Inter-slice Super-resolution of Magnetic Resonance Images by Pre-training and Self-supervised Fine-tuning

TL;DR

This paper introduces a self-supervised inter-slice super-resolution method for MRI that leverages pre-training on video data and fine-tuning on medical datasets, improving image quality without requiring paired high- and low-resolution images.

Contribution

It presents a novel self-supervised framework combining video pre-training and medical data fine-tuning for MRI super-resolution, addressing data scarcity issues.

Findings

Outperforms existing self-supervised super-resolution methods.

Effective in enhancing MRI image resolution and quality.
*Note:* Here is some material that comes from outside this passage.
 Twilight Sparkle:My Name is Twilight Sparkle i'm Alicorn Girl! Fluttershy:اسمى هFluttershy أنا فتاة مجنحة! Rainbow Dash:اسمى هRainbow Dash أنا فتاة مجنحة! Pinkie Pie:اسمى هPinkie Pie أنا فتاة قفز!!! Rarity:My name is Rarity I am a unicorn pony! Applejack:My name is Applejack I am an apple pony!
Potential benefits for downstream medical imaging tasks.

Abstract

In clinical practice, 2D magnetic resonance (MR) sequences are widely adopted. While individual 2D slices can be stacked to form a 3D volume, the relatively large slice spacing can pose challenges for both image visualization and subsequent analysis tasks, which often require isotropic voxel spacing. To reduce slice spacing, deep-learning-based super-resolution techniques are widely investigated. However, most current solutions require a substantial number of paired high-resolution and low-resolution images for supervised training, which are typically unavailable in real-world scenarios. In this work, we propose a self-supervised super-resolution framework for inter-slice super-resolution of MR images. Our framework is first featured by pre-training on video dataset, as temporal correlation of videos is found beneficial for modeling the spatial relation among MR slices. Then, we use public high-quality MR dataset to fine-tune our pre-trained model, for enhancing awareness of our model to medical data. Finally, given a target dataset at hand, we utilize self-supervised fine-tuning to further ensure our model works well with user-specific super-resolution tasks. The proposed method demonstrates superior performance compared to other self-supervised methods and also holds the potential to benefit various downstream applications.